"""

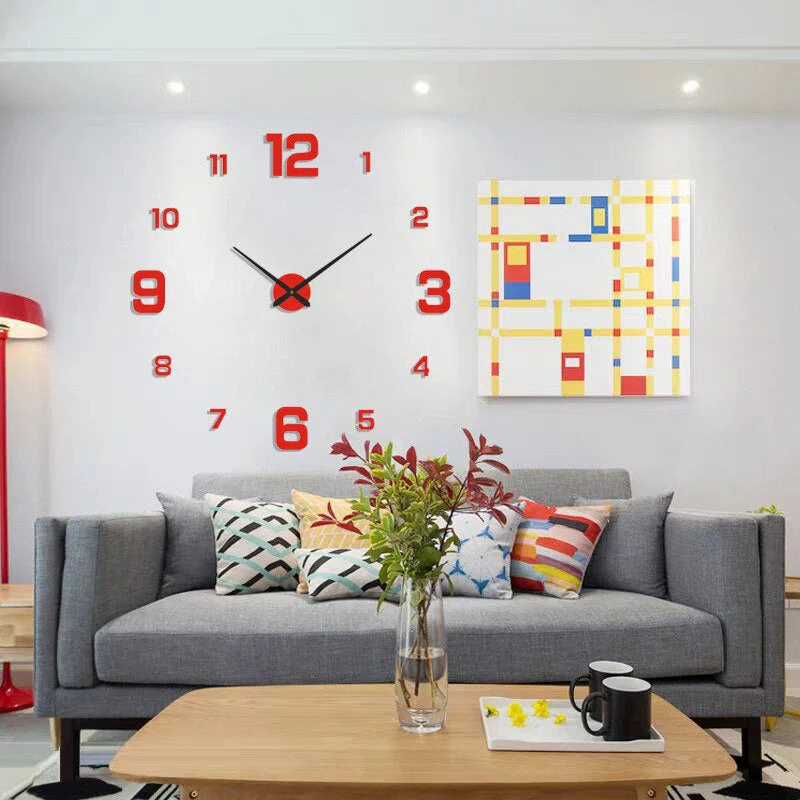 Einzigartige Design-Wanduhr – Kreativität trifft Zeitmessung - Image 5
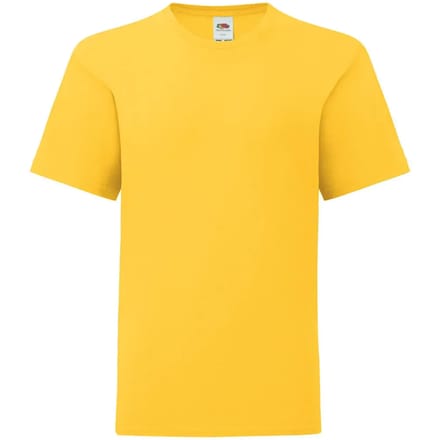 Kinder-T-shirt Fruit of the Loom Iconic 150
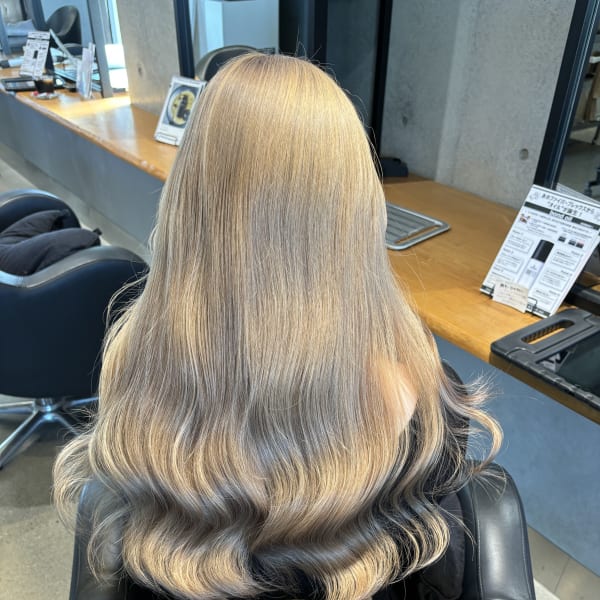 *ミルクティーベージュ*|BALBAO salon de belleza 大須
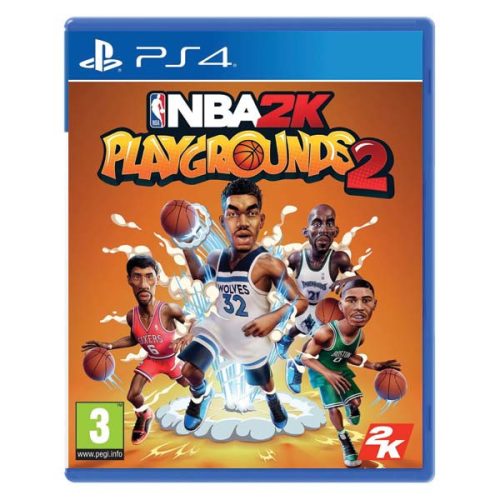 NBA 2K Playgrounds 2 PS4 (használt,karcmentes)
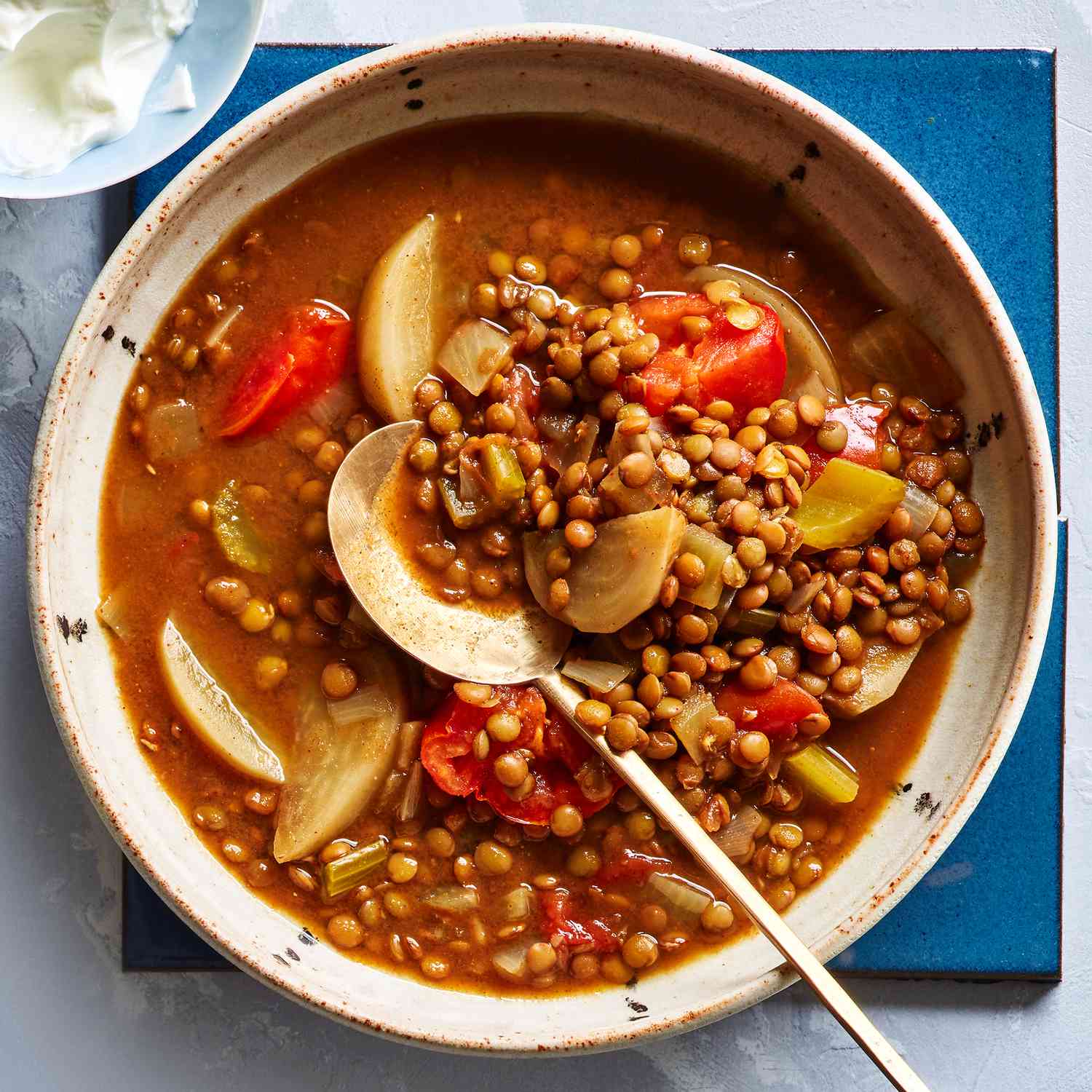 Berbere-Spiced Lentil and Vegetable Stew with Collard Greens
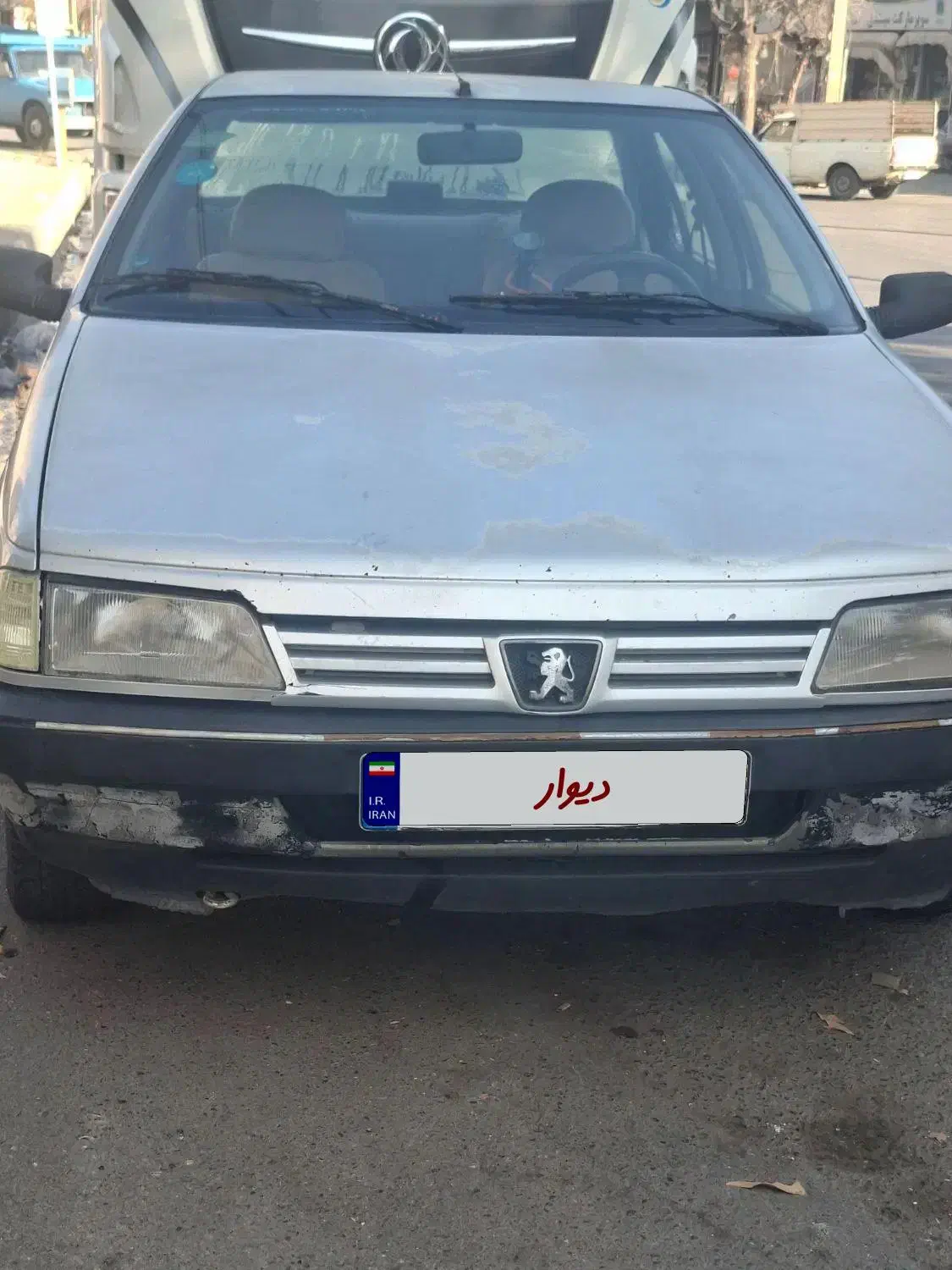 ماشین پژو روا|خودرو سواری و وانت|خوی, |دیوار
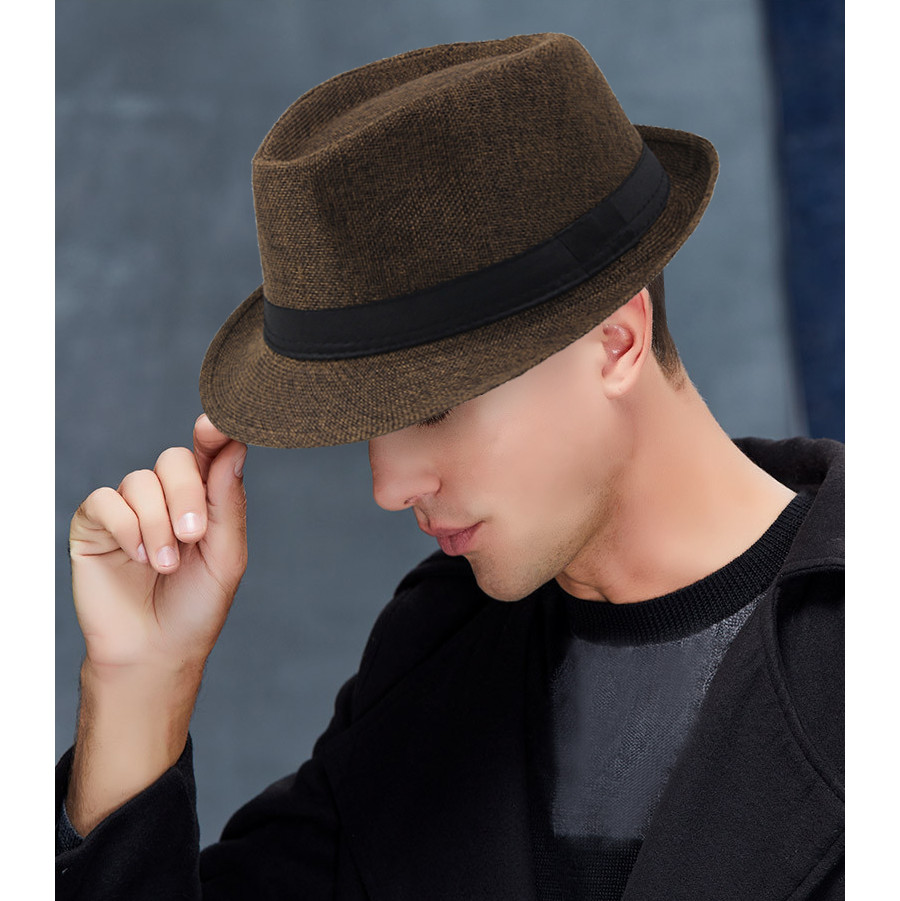 Hot Fashion Summer Casual Unis - Mens Fashion Bucket Hat ulasan dan harga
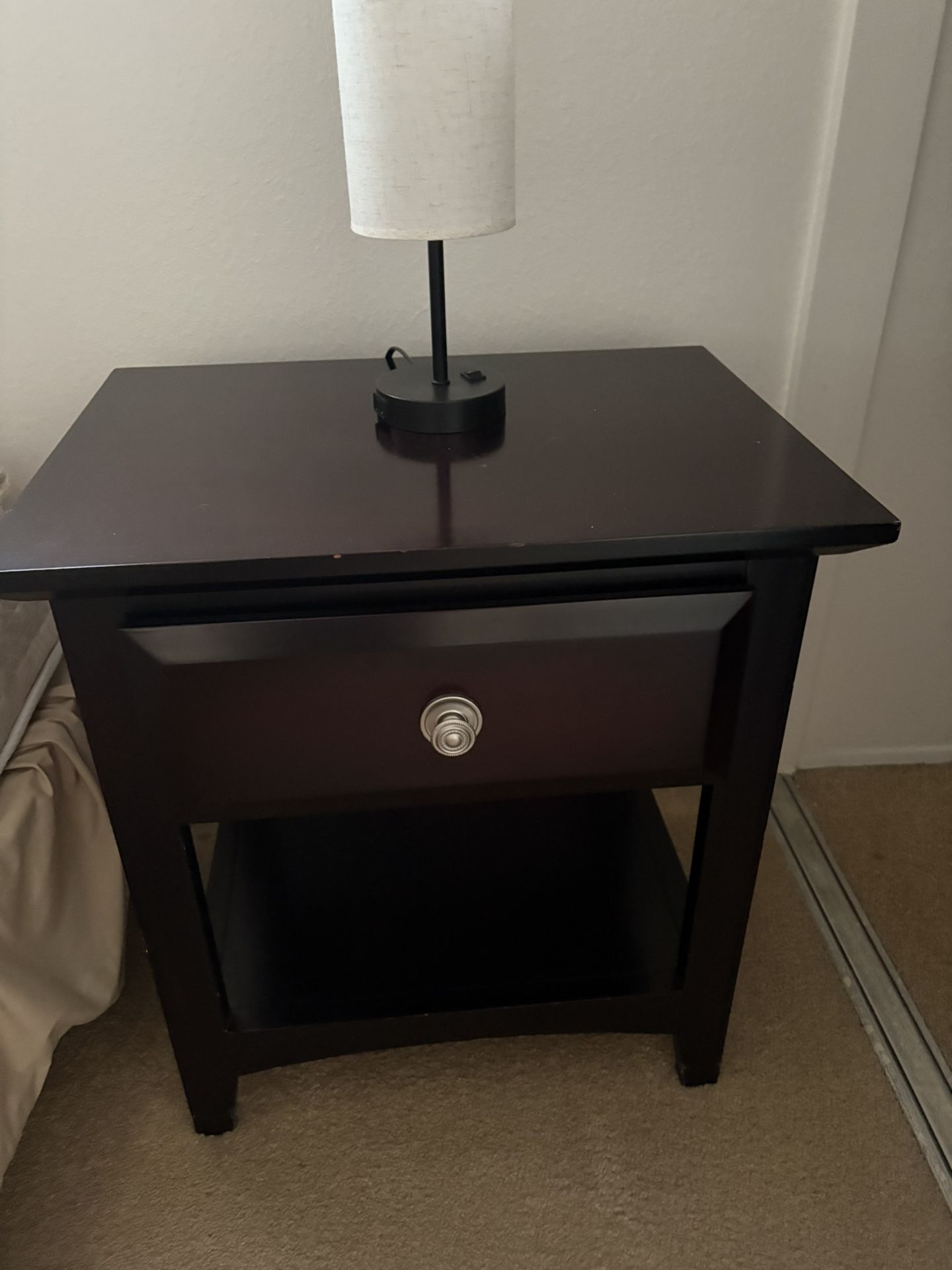 Matching Bed End Tables
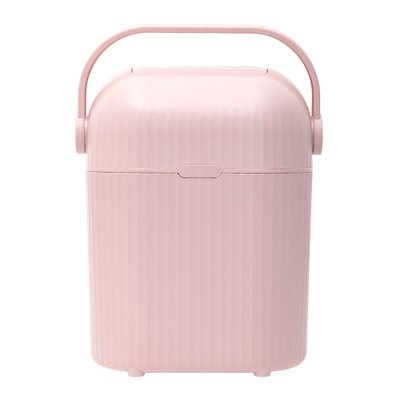 Lixeira Buba Anti Odor 9L Rosa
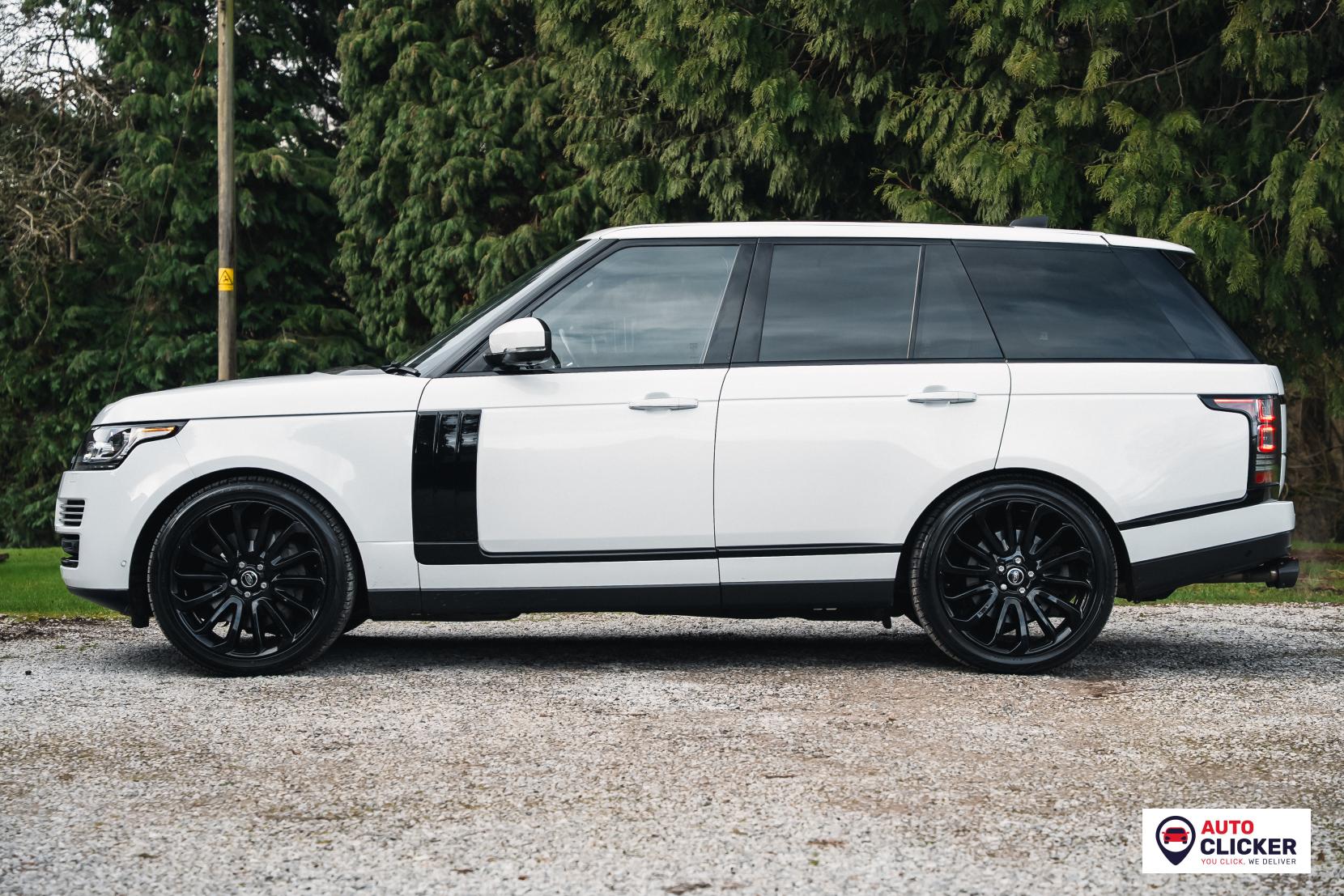 Land Rover Range Rover 4.4 SD V8 Vogue SE SUV 5dr Diesel Auto 4WD Euro 6 (s/s) (339 ps)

"""

What is the exact wording of the lines from the one bearing "de belleza 大須" through the final line of the records above? Write it out without the pictures.

 *ミルクティーベージュ*|BALBAO salon de belleza 大須
 NBA 2K Playgrounds 2 PS4 (használt,karcmentes)
 Berbere-Spiced Lentil and Vegetable Stew with Collard Greens
 ماشین پژو روا|خودرو سواری و وانت|خوی, |دیوار
 Hot Fashion Summer Casual Unis - Mens Fashion Bucket Hat ulasan dan harga
 Matching Bed End Tables
 Lixeira Buba Anti Odor 9L Rosa
 Land Rover Range Rover 4.4 SD V8 Vogue SE SUV 5dr Diesel Auto 4WD Euro 6 (s/s) (339 ps)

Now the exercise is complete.